After a disastrous family dinner, Queenie’s boyfriend dumps her, which sends her into a spiral of booze, sex and lousy decisions. “Abandonment issues,” she cites, and the show slowly explains the exact nature of her estrangement from her mother and her tight but stressful relationship with her Jamaican immigrant grandparents and aunt. Yes, of course there is an episode told in gentle flashback that traces the torch relay of generational trauma. (All eight episodes arrive Friday, on Hulu.)
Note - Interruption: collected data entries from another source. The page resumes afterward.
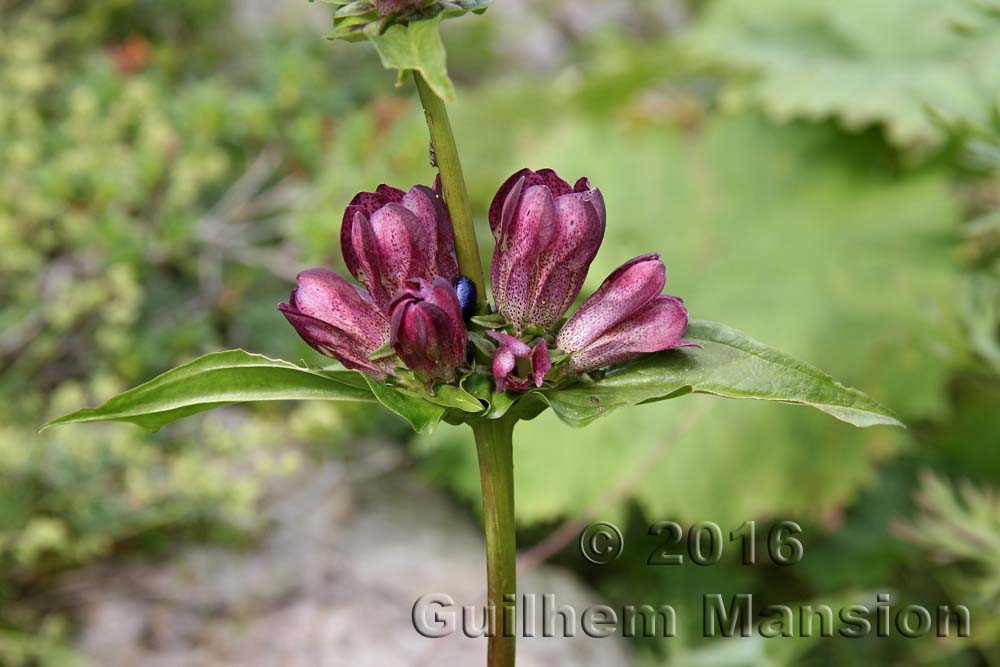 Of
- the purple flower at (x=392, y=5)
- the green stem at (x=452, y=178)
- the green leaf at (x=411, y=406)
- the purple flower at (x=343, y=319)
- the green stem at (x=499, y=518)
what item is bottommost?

Queenie has grim sex, too-rough sex, anonymous sex, sex with men who are not as single as they claim, and all her encounters leave her feeling worthless. Her girlfriends, in a group chat called “the Corgis,” offer support and sometimes tough love as the screen fills with sleazy messages from white dudes on dating apps. Despite the emphasis on Queenie’s sexual exploits and exploitation, the show is often prim: A car horn bleeps out a naughty word, and even the sex scenes are clothed and rather chaste.
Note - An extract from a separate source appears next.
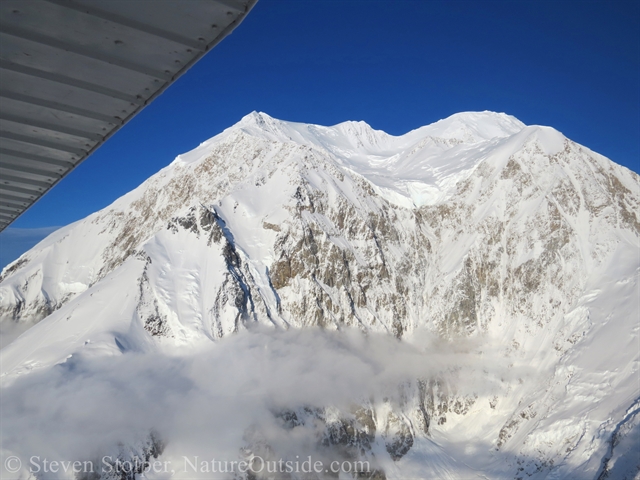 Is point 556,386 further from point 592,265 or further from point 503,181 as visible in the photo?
point 503,181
A friend — or maybe more than a friend? — tells Queenie that he admires how well she knew herself when they were kids. “I didn’t know who I was then, and I still don’t know now,” she says in voice-over. It’s one of many times the show uses voice-over to state what’s clear from Brown’s luminous performance and from the story in general. Beyond the vestigial interior monologue, other characters on “Queenie” also make the subtext the text. “You are going to have to face up to those demons at some point,” Queenie’s boss warns. Yeah, lady, that’s … that’s the show.
The last decade of TV has brought us many messy 20-somethings bottoming out before finding self-actualization through embracing and metabolizing their greatest shame or insecurity. Often those shows are semi-autobiographical sadcoms, and “Queenie” captures the good parts of those shows in its humor and specifics. The show also pulls from rom-com traditions and from sweeter, tidy story styles; while its friction feels raw and authentic, its resolutions feel awfully pat in their sunniness.
“Queenie” can feel “young adult” instead of young and adult, but the flip is that the show is never a miserable slog through trauma and degradation. It’s smart, poppy and fun — critical, but not cynical.